Day 2 of our trip was much different than the first. We started off again with driving from our hotel in Summersville, West Virginia and drove all the way to Savannah, Georgia. After driving for about 8 hours we got to Oglethorpe Speedway and got caught up with a couple of Canadian buddies. We unloaded the trailer and prepared ourselves for the first practice of the day.
The first session went alright, I was trying to shake some of the rust off and get used to riding again as well as getting used to a new track and breaking in a new motor. After the end of first practice I soon realized why we flat trackers must be in tip top shape as my left leg felt like it weighed 500 pounds (due to the steel boot we ride with)! I rolled into the pits and had a brief discussion with the family before I ‘got into the zone’, you could say, and started to focus on what I was going to try in the next practice session.

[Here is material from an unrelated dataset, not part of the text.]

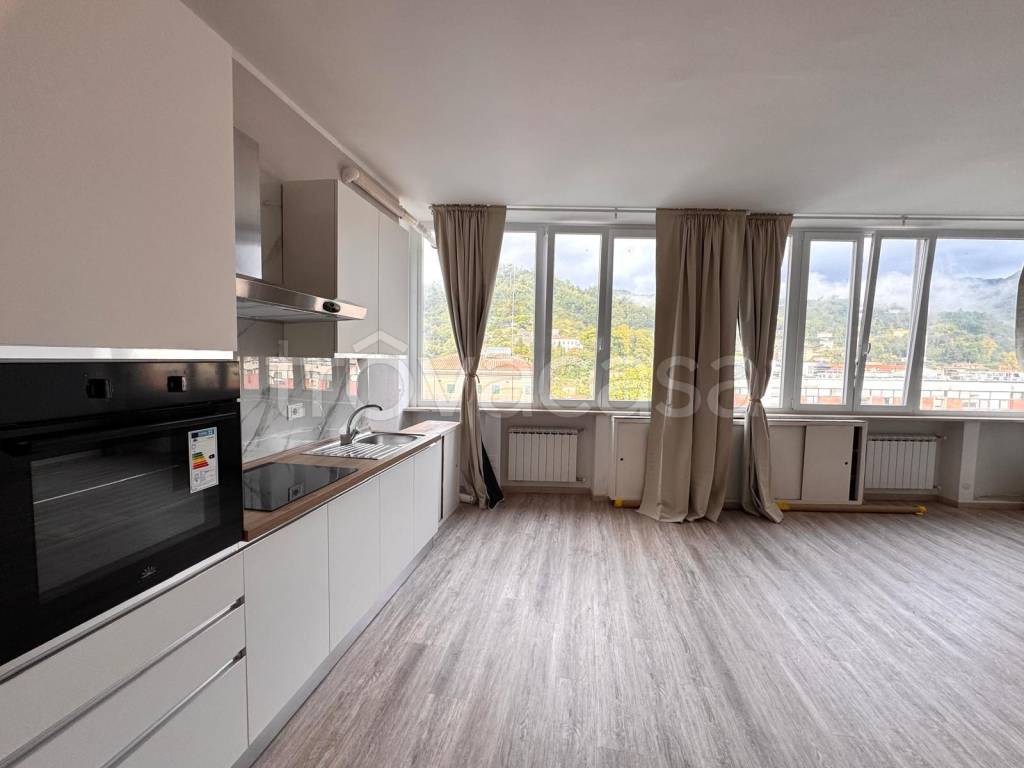 appartamento in vendita a Carrara in zona Centro Città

The world’s only one-armed flat track racer (to our knowledge), Jason Griffin, was in Savannah prepping for Daytona.
Session 2 got underway and as expected I got a little faster. I didn’t notice it until I was out there but some of the best American Pro riders came out onto the track with me. It was cool riding with them and to be able to look back and see some there whether they were about to lap me or not. When that session was over I sat back at my pit staring at my bike when another racer came up to me asking me for a couple bike tips and tricks as he also was on a Kawasaki.
The whole program was rushed as they wanted us to get as many sessions in as possible so before I knew it it was time to go back to staging and get ready to go out for my 3rd session. I got a little bit faster again even after having a close call with one of the riders on the front straight at 90+ MPH. Right after I got off the track I had to give my steel shoe to my dad to take to a welder at the track named Gary Kinzler from Lightshoe. He made some minor repairs to my slightly damaged steel shoe from countless laps. He did a great job, and it was very much appreciated – because as any flat tracker will tell you, a steel shoe is essential to race.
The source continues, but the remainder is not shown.